# Tandem t slim



## steveo (Jul 22, 2022)

I'm due to change pump from the Accu chek Insight to the tandem t slim in September. Has anyone else changed over? How did you find it was there any problems?


----------



## Inka (Jul 22, 2022)

A number of people here use the T Slim, including @everydayupsanddowns Any new pump seems strange to start with but you’ll soon get used to it. If you get a chance to look at the T Slim online that will be good as you can familiarise yourself with it. There are also various videos on YouTube, but really I’m sure you’ll pick things up quickly.


----------



## helli (Jul 22, 2022)

There have been quite a few threads about this.
The search function at the top right of every page is very useful to find them


----------



## everydayupsanddowns (Jul 24, 2022)

I switched from Medtronic to tSlim a year or two back, and really like it. 

One thing which does strike me, moving from Roche… you’ll have to get used to a different way of showing Insulin on Board - which will look alarmingly big to you to begin with.
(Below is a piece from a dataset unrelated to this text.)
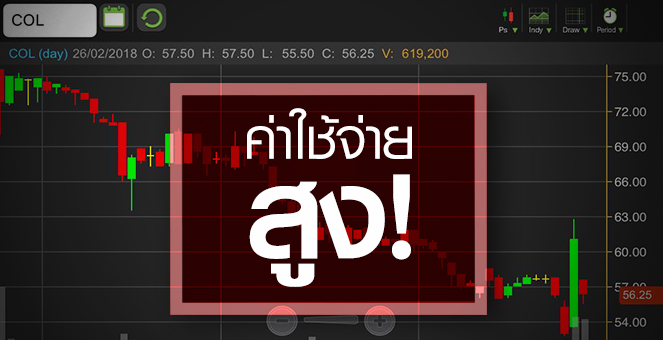 รูป หาคำตอบ  COL ร่วงแรง! ไม่สนข่าวดีทั้งกำไรโต - ปันผล - แตกพาร์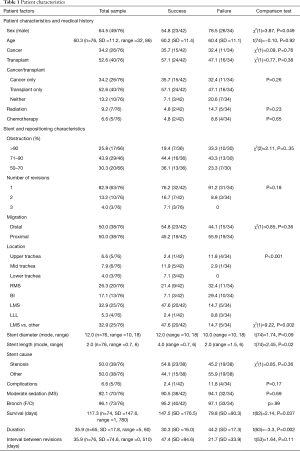 Click on image to zoom Table 1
Roche discounts any insulin set against carbs for its IoB, so it only really shows ‘correction on board’, but Medtronic and tSlim show all the active insulin, so the iob will look much larger on your tSlim, and you‘ll have to keep mental track of ‘carbs on board’. 

If you’d like to get a feel for the menus, and what’s where, there is a tSlim emulator app you can put onto your smartphone which allows you to play with menus / settings / bolus wizard etc. I found that really helpful.


----------



## SB2015 (Jul 24, 2022)

As others have said, any switch of pumps takes a bit of getting used to.  I went from Combo to Medtronic and there were quite a few differences, including the insulin on board/active insulin that @everydayupsanddowns mentions.

Are you going to be using the t-slim in closed loop? For me that was the motivation to switch pumps and I am so pleased that I did.  I think about my diabetes a lot less than before. It took me some time to trust it to do a lot of the work I had done before, but delighted that I did. 

Well worth doing the homework to become as familiar as you can but also just be patient with yourself as you get used to a different system.


----------



## steveo (Jul 24, 2022)

SB2015 said:


> As others have said, any switch of pumps takes a bit of getting used to.  I went from Combo to Medtronic and there were quite a few differences, including the insulin on board/active insulin that @everydayupsanddowns mentions.
> 
> Are you going to be using the t-slim in closed loop? For me that was the motivation to switch pumps and I am so pleased that I did.  I think about my diabetes a lot less than before. It took me some time to trust it to do a lot of the work I had done before, but delighted that I did.
> 
> Well worth doing the homework to become as familiar as you can but also just be patient with yourself as you get used to a different system.


I'm just using it as a stand alone pump due to my CCG not agreeing to give me the Dexcom one.


----------



## Saoirse (Jul 24, 2022)

steveo said:


> I'm just using it as a stand alone pump due to my CCG not agreeing to give me the Dexcom one.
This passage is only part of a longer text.